We finally have the case study we have all been waiting for; British Telecom has announced after some eight years it has nearly finished making its entire infrastructure ‘entirely SOA based’.

Eight years of work on this certainly supports the statement that SOA is not new, but as anyone who has ever worked in a company that has tried to create standardisation by standardising on a single product will quickly recognise it’s not the ‘what’, meaning the product, but the ‘how’ meaning the implementation that matters. Our understanding of how to implement SOA has got better in the last year, but even now we are far from a universal agreement. Looking at the press release more carefully reveals that BT has been experimenting with Web Services since 2001. This to my mind pretty well guarantees that anything done six years ago is now obsolete and not going to work with anyone else.

I am not sure that matters in this case as BT is pretty clear that its benefits case is internal around using SOA to deliver the existing IT systems for less cost, and that’s where it gets really interesting. BT claims that there has been a 20% drop in IT staff required releasing 2000 people towards customer facing or revenue generation roles. That’s huge, and should remove any doubts as to whether the adoption of SOA as an internal methodology to deliver is justified.

I did wonder about other savings, cost reductions, or values found in business process change, as BT were honest enough to tell us that as part of moving to SOA the definitions of ‘services’ and ‘processes’ were the issue. This issue was not a technical one, but the reality of finding that the process really followed by people working in the front line was not the same as the procedure laid down in the ‘rule book’. This would seem to be proof indeed of the accuracy of the comments from some directions that SOA implementation is a business process issue more than a technology issue.

The challenge, of course, is how to engage the business people in this change to make sure that the difference is not just clarified as to what it was meant to be originally, but was rethought to say what it should be, given a better understanding of why it has changed.

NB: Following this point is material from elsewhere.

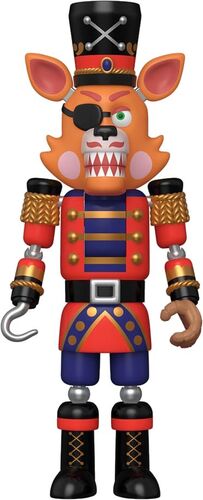 FIVE NIGHTS AT FREDDY'S FIGURA HOLIDAY FOXY NUTCRACKER 13 CM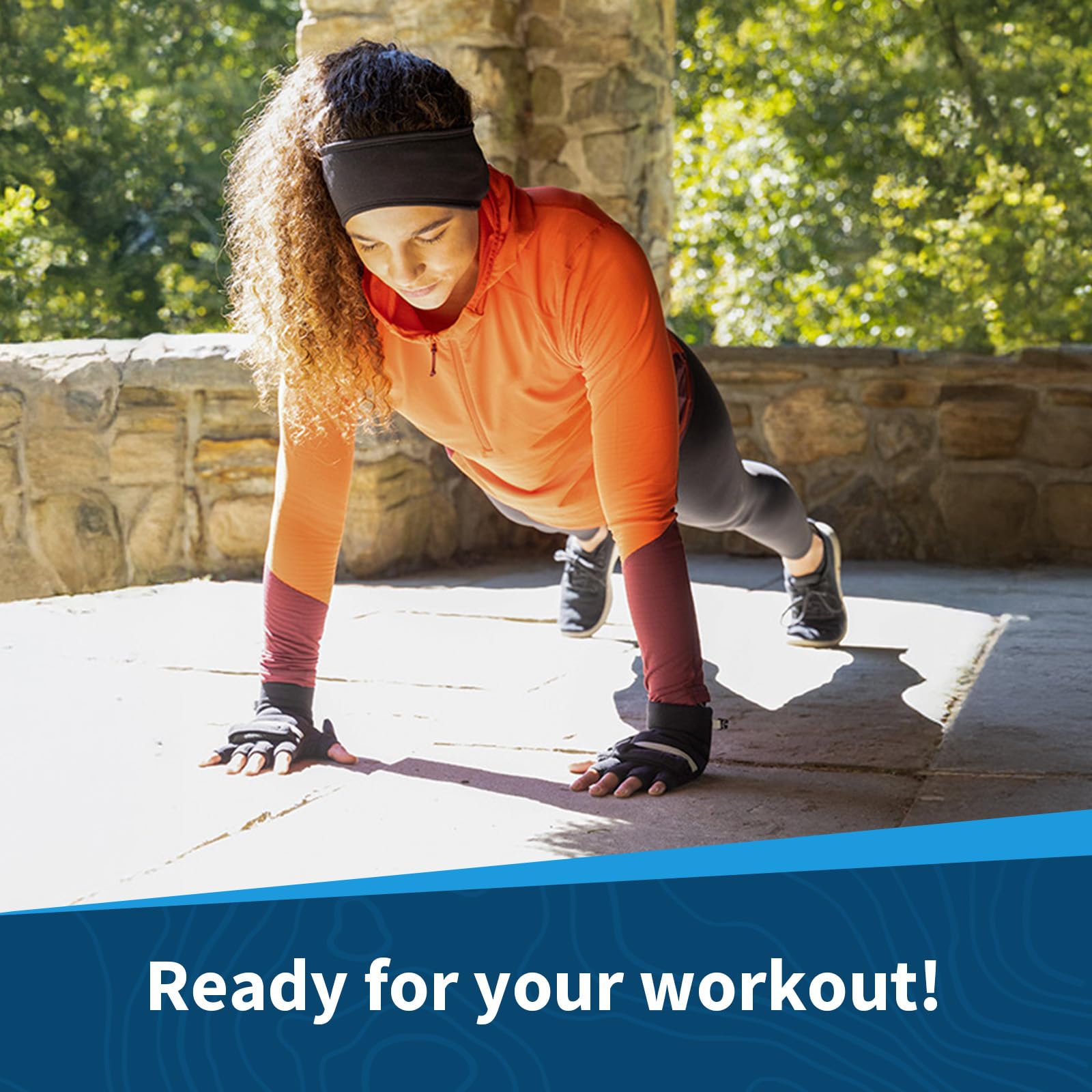 TrailHeads Running Headband – Moisture-Wicking Ear Protector Active Lifestyles, Sports Headband – Helmet-Friendly Workout Gear - Image 6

However to define what it should be, or even what it could be, means understanding the new possibilities, and that means looking at extending processes that flow across the business rather than segregated silo function elements. Do that right and there should be just as big a benefit case in business efficiency as the one that BT found in the IT department.

Before Business Package applications taught the lesson that it was better to use what they provided as best practice then design your own process there were a lot of people around performing the role of Business Analysts. These are just the people we are looking for to help in this challenge, it’s just when I look around now they don’t seem to be around any more. That’s a problem, and seems to suggest that we aren’t going to be able to answer the second part of the question on how shifting to SOA adds value to the business process in a hurry as we don’t seem to know who has the skill to work on this. Seems to me we are going to have to think about how we are going to re-introduce this role again.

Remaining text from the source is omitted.